The exhibition is divided into six chapters featuring Schwarzenbach's work. A Love of Europe addresses Annemarie Schwarzenbach's first years as a photojournalist and her travels through Europe, revealing Schwarzenbach's cosmopolitan attitude. The Happy Valley follows Schwarzenbach's famous car journeys through the Middle East and Central Asia. She made four trips to Turkey, Palestine and Syria, Iraq and Iran, and as far as Afghanistan and India. She wrote her best-known literary work, The Happy Valley, in Iran. Between the Continents features intermediate places such as streets, harbors or ships' decks that become the sites of a temporary community and the settings for farewells and new beginnings. Travels in America deals with her travels in the United States in 1936-1938 where Schwarzenbach engaged intensely with a new understanding of politically committed photography and encountered a society that was still deeply marked by the economic crisis after 1929. Unemployment, poverty droughts, the decline of the cotton industry – her attention is focused on the American system and explores the differences between rich and poor, but also the widespread misery of the African American population in the southern states. The New Earth addresses her ambivalent views on the relationship between nature and culture in the context of mechanization and industrialization.

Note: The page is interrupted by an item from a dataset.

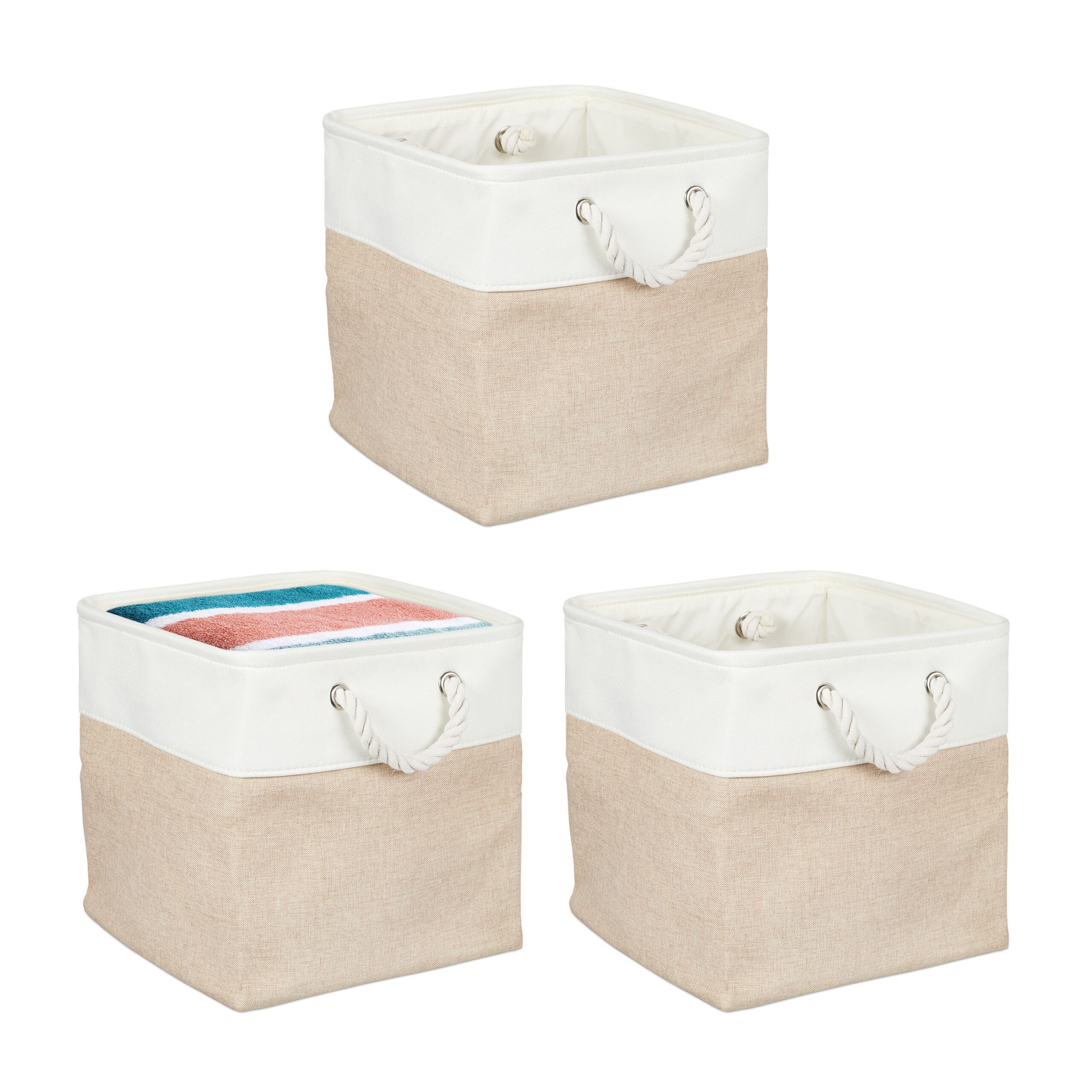Aufbewahrungskorb Leinen 3er-Set Beige-Creme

Minor Encounters, tells the story of people she met on her travels and offers a personal view of her circle of friends.
Annemarie Schwarzenbach: Departure Without Destination is supported by the Infusion Fund and its generous donors, as well the City of Charlotte and Foundation for the Carolinas. Additional sponsorship provided by Bellecapital, Brighthouse Financial, and Truist with additional support provided by the North Carolina Arts Council and the Arts and Science Council.

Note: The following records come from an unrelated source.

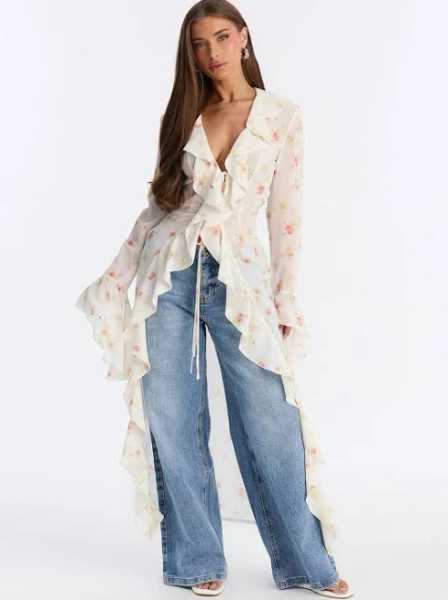 Fashion Nova Ruffle Floral Long Sleeve Flyaway Top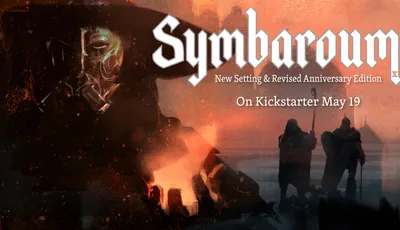 A dark and atmospheric illustration features a mysterious figure wearing a gas mask and a wide-brimmed hat, partially obscured by shadows. The background is filled with swirling dark colors and hints of glowing elements, creating an eerie ambiance that reflects the themes of the Symbaroum universe. The title "Symbaroum" is prominently displayed in bold, stylized lettering, accompanied by the word "New," suggesting an upcoming release or update.
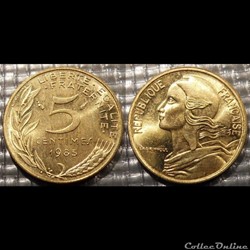 Cf 5 centimes Marianne 1985 17mm 2g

About the Bechtler Museum of Modern Art
The Bechtler Museum of Modern Art is the only museum in the Southern United States exclusively dedicated to European and American Modern Art and its legacies. Capturing a remarkable era of art history from the collection of the Zürich-based Bechtler family, the Bechtler Museum of Modern Art collection includes works by some of the most important and influential figures of modernism, including Alexander Calder, Le Corbusier, Edgar Degas, Max Ernst, Alberto Giacometti, Barbara Hepworth, Jasper Johns, Paul Klee, Alfred Manessier, Joan Miró, Kenneth Noland, Pablo Picasso, Bridget Riley, Nicolas de Staël, Andy Warhol and a wealth of other 20th-century notables. The museum, designed by Swiss architect Mario Botta, prominently features the Niki de Saint Phalle's iconic Le Grand Oiseau de Feu sur l'Arche on its entrance plaza. Located in the heart of Uptown, the Bechtler is a light-filled community space created to inspire and engage first-time visitors and long-term supporters alike.